Ant reports on progress since the UK’s Disability Summit

Our Programmes and Advocacy Assistant, Anthony Ford Shubrook OBE recently attended an event assessing progress since the commitments made at the UK’s disability summit last year. Here he gives his take on the discussions.

“I have recently returned from the twelfth session of the Conference of State Parties for the Convention on the Rights of People with Disabilities (CRPD). It was fascinating hearing the different experiences from individuals and organisations from around the world. I was also invited to the Department for International Development’s (DFID) side event to discuss the progress that has been made since last year’s global disability summit in London. The summit marked the start of change, with over a thousand commitments made, tackling issues ranging from ending stigma and discrimination, to making inclusive education work for all children.

It was apparent many challenges remain embedded in our society. There is still inadequate data on children with disabilities, particularly those living in rural and marginalised communities, who are often those in the most desperate need of support, and it is difficult to know we are providing the right support when there is insufficient data to assess the situation with. Whilst governments around the world are increasingly developing legislation to focus on empowering people with disabilities, this often has little tangible impact on those who need it most. One of the major reasons for this is many developing countries have insufficient resources and infrastructure to make these commitments a reality.

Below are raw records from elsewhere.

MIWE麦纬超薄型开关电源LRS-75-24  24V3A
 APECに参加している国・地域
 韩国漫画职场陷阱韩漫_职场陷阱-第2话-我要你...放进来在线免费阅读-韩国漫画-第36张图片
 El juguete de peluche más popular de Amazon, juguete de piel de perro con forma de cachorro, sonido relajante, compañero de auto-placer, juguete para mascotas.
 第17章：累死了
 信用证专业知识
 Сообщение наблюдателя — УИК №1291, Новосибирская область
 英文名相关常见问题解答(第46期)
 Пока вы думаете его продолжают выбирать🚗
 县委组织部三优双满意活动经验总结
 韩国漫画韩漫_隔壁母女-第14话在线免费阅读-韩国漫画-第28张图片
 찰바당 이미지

One area that it is clear governments should invest in is technology and assistive devices. Globally, only 10% of those who need assistive devices have access to them. These devices can be life changing for those who need them, however, many people in developing countries do not have access. Most devices are too expensive, and in some cases even when technology is available, it is unsuitable for their environment, such as electric wheelchairs on uneven terrain. One speaker highlighted this point by jokingly suggesting a wheelchair that makes animal noises to scare off other animals, rather than its usual horn, because he lived in a rural area with many animals around.

There appears to be intent within the international community to collaborate and move forward to enact the commitments made at the global disability summit. We need to ensure that these commitments align both with the CRPD and SDGs; this was mentioned by several speakers. We will only get there if we all work together as individuals, in civil society, and with governments. We must listen to the voices of those with disabilities, capitalise on their expertise and experience; reinforcing the idea of ‘nothing about us, without us’.

We also need to ensure laws and policies become practice; including translating national level legislation into local level policy implementation. Some important points raised during the event included the need to eradicate bureaucracies, retain momentum and incentivise progress. Furthermore, the Kenyan Minister of Sports raised the need for organisations to combine resources rather than competing and pulling in different directions.

Overall, I felt the event provided a useful platform for discussion, highlighting the progress made and momentum gained. The work AbleChildAfrica does with its partners has helped change the lives of over 17000 children, helping them gain access to education and healthcare, which gives them the opportunities open to other children. However, it is all too apparent that there is a long way to go in implementing the DFID disability strategy and ensuring that no one is left behind.”